しかしながら現況、ツアーとして定められた場所を回ることはできても、一般人が観光という目的の範疇から大きく外れて旅することはほぼ不可能だ。例えばレストランに行くにも現地の案内員と運転手が同行することになる。著者は北朝鮮に行ったことがあるそうだが、やはりフィールドワークには限界があるという。

そこで著者は本書で、公開情報(オシント。open-source intelligence)を通じて得た観光情報を以て北朝鮮の実態を解き明かすことを目指している。詳細な注釈・出典が各項の末ごとに入っており、本の末尾を都度めくることなく参照しやすい。出典を調べていけばさらなる理解や疑問も湧いてくるだろう。また日本と北朝鮮という関係に加え、日本以外の諸外国と北朝鮮はどうかという具合に認識を新たにし、視野を広く見直すという点でも読む価値があると思う。

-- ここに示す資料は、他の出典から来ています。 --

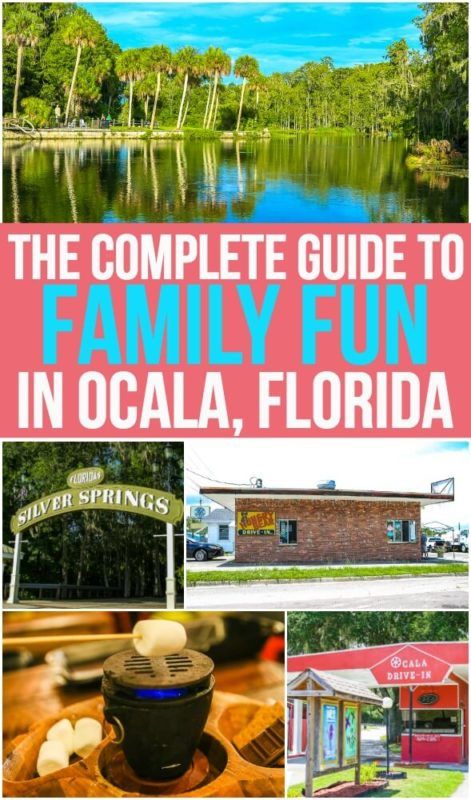 Ocala Florida의 가족 놀이를위한 완벽한 48 시간 가이드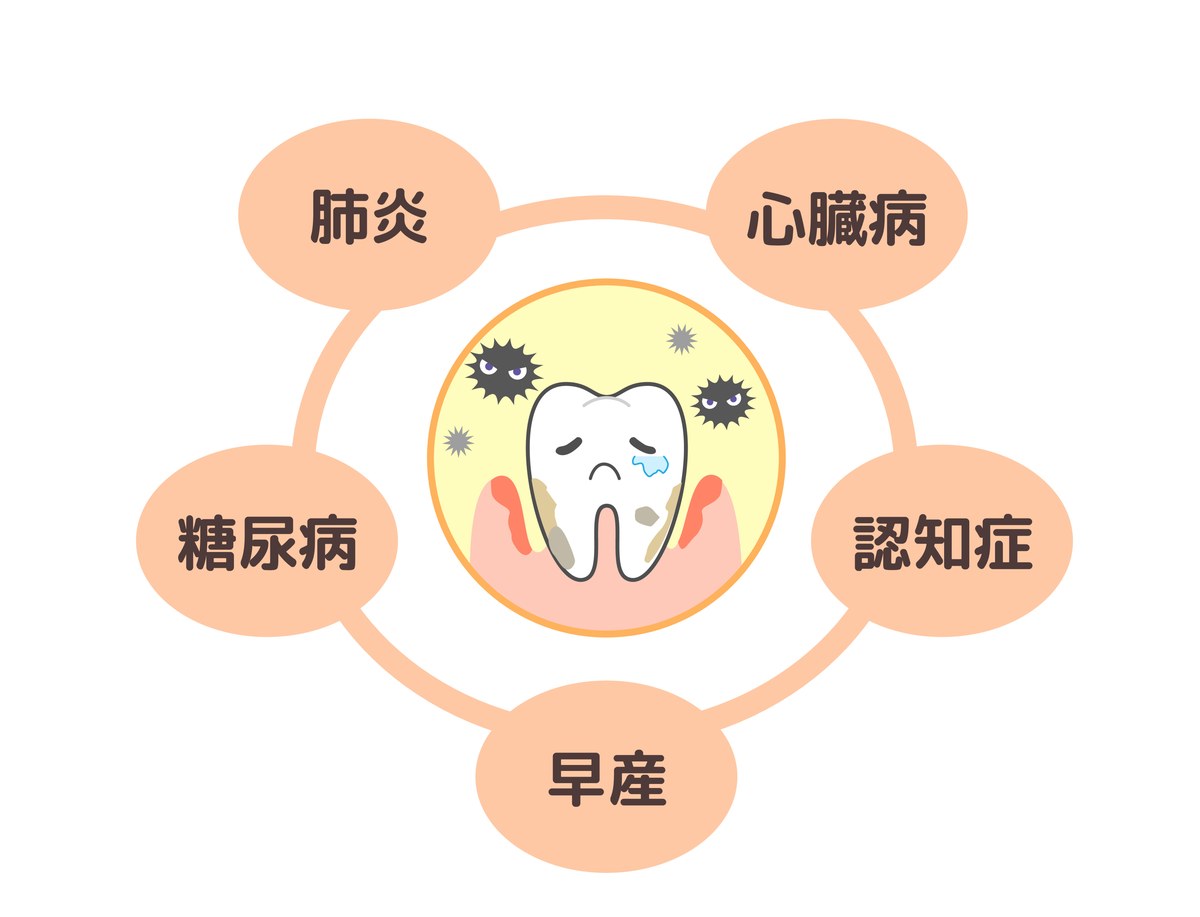 全身の健康との関わり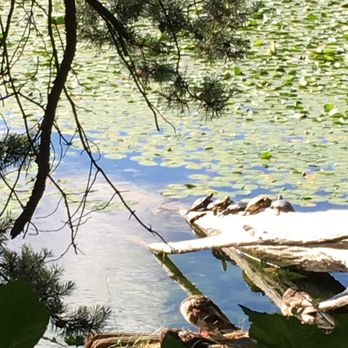 Seward Park - Turtles enjoying the sun. - Hiking Near Me - Seattle, Washington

本書の帯には”日本人の知らない、本当の北朝鮮がここにある!”と宣伝されているが、実際のところは「日本人が知ることのできる北朝鮮の情報がここにある!」という体裁で書かれている。だからこそ、有用なのである。

手軽に読める北朝鮮観光の本から

併せて『北朝鮮と観光』にも載っている、関連本を少し紹介しておきたい。まず、『旅の指さし会話帳42 北朝鮮(朝鮮語) 』(著:西嶋龍 情報センター出版局)。

「おいくらですか?」といった、旅先で使いそうな会話のガイドブック北朝鮮版だ。持っていくと没収されるという話がある(大丈夫という話もある)上に、そもそも使用される機会が最も少ない会話帳かもしれない。それでも朝鮮語と韓国語の違いや単語の解説は興味深い。参鶏湯(サムゲタン)を北朝鮮では「タッコム」と言うそうだ。


Kindleで読める本としては、先に紹介した著:宮塚利雄の本がやはり面白い。『誰も書けなかった北朝鮮ツアー報告』(小学館文庫)は90年代初期に北朝鮮を訪れた際の旅行記だが、読んでおいて損はない。平壌市中心部のマップつき。

まず90年代の旅行事情を知るといった前提で読むのがよいと思う。しかし朝鮮語、韓国語といった言語だけでなく、朝鮮半島の事情に通暁している著者の視点は、今読んでも色褪せない内容が多い。通史としての解説は一読の価値がある。視点も素朴ながら鋭く、まさに学究肌である。さらにツアーでありながら、先に書いた”フィールドワークの限界”に果敢に挑む著者の行動力に舌を巻く。朝鮮鉄道史を調べるために、平壌駅(※上の画像は駅の通路である。もちろんフリー画像)で切符を求めるエピソードが印象に残った。

著者は今だに北朝鮮関連のテレビ番組で見かけるが、その人柄を知っていれば多少なりとも驚く内容かもしれない。いやあの人柄だからこそ、研究を続けられているのかもしれない。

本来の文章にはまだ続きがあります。